▶ WHAT YOU HAVE TO DO
Leave every image out, and print the remaining lines below exactly.

(EXCERPTED DATA Opens)

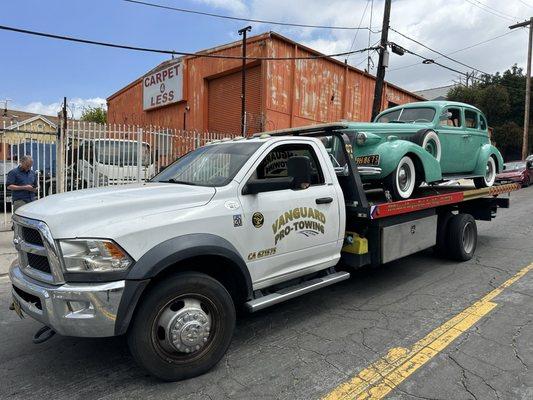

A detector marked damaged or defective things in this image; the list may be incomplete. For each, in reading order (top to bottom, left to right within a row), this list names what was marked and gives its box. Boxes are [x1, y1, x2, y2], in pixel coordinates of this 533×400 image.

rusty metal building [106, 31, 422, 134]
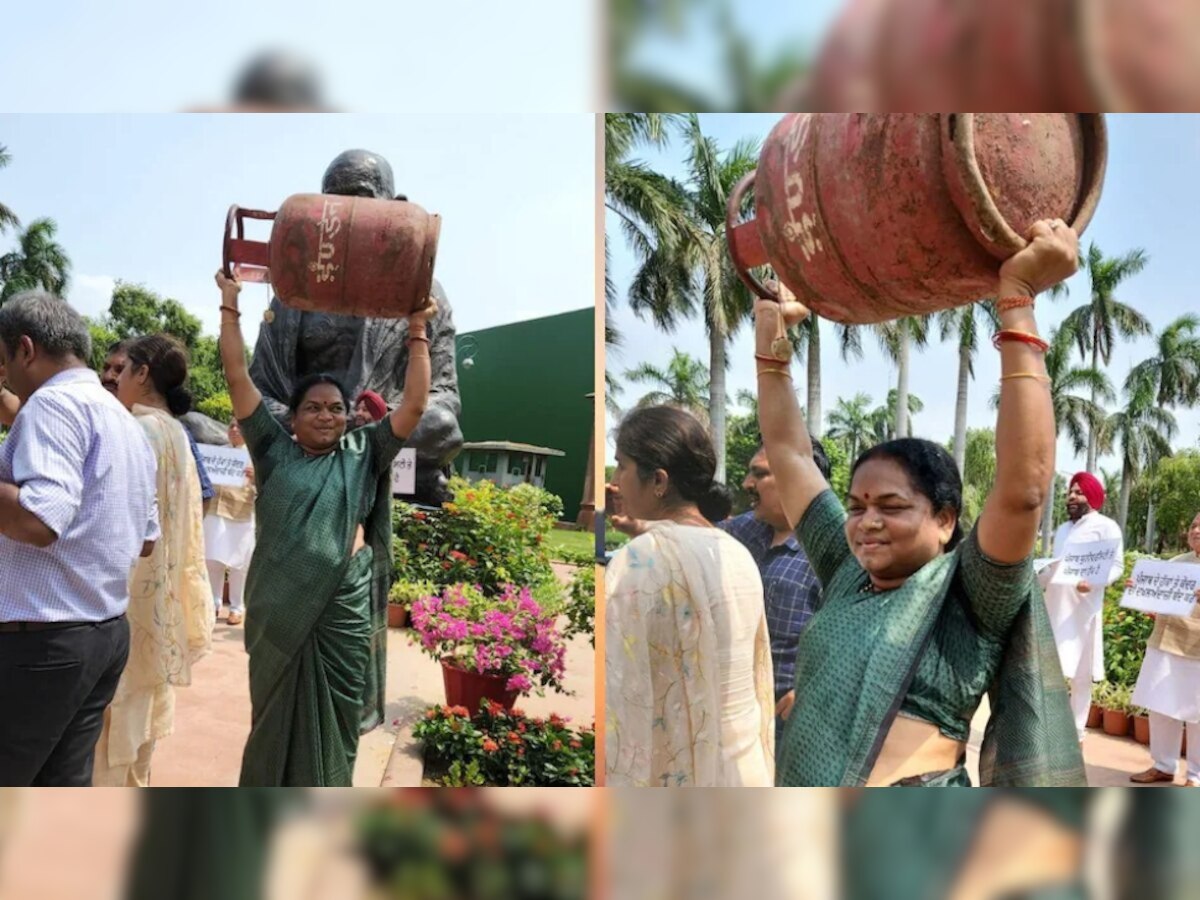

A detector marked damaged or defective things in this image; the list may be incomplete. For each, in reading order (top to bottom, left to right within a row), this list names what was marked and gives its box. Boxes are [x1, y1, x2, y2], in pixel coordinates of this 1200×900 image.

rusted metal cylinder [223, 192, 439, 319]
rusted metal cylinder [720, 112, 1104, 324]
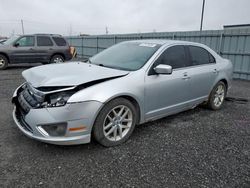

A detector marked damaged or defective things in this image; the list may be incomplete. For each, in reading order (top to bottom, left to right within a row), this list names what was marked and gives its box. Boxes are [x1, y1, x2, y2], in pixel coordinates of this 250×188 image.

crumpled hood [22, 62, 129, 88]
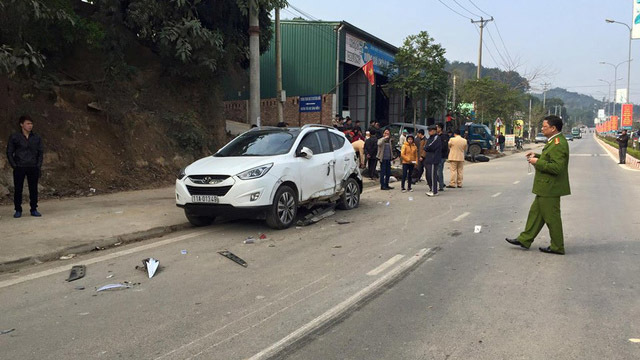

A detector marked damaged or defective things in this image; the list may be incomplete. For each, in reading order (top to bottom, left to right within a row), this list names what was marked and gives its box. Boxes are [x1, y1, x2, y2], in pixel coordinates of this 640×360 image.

(EXCERPTED DATA Closes)

▶ ANSWER TO THIS PROBLEM
A detector marked damaged or defective things in this image; the list may be incomplete. For each, in reading order (top to bottom, left to right within a row), this list names what was marked and gives its box. Boxes are [x1, y1, x2, y2], in pixel coordinates of this 533×400 image.

rusty metal building [106, 31, 422, 134]

A detector marked damaged or defective things in this image; the list may be incomplete. For each, in reading order (top to bottom, left to right within a row), this list names what was marked and gives its box. Boxes are [x1, y1, x2, y2], in pixel coordinates of this 1200×900 image.

rusted metal cylinder [223, 192, 439, 319]
rusted metal cylinder [720, 112, 1104, 324]

A detector marked damaged or defective things in this image; the list may be incomplete. For each, in reading order (top to bottom, left to right within a row), this list names what was marked and gives its box. Boxes are [x1, y1, x2, y2], in pixel coordinates of this 250×188 image.

crumpled hood [22, 62, 129, 88]

A detector marked damaged or defective things in this image; the list may be incomplete. For each, in reading order (top to bottom, left to right within a row), this list names what was marked and gives its box. Boxes are [x1, y1, x2, y2], in pixel coordinates of this 640×360 image.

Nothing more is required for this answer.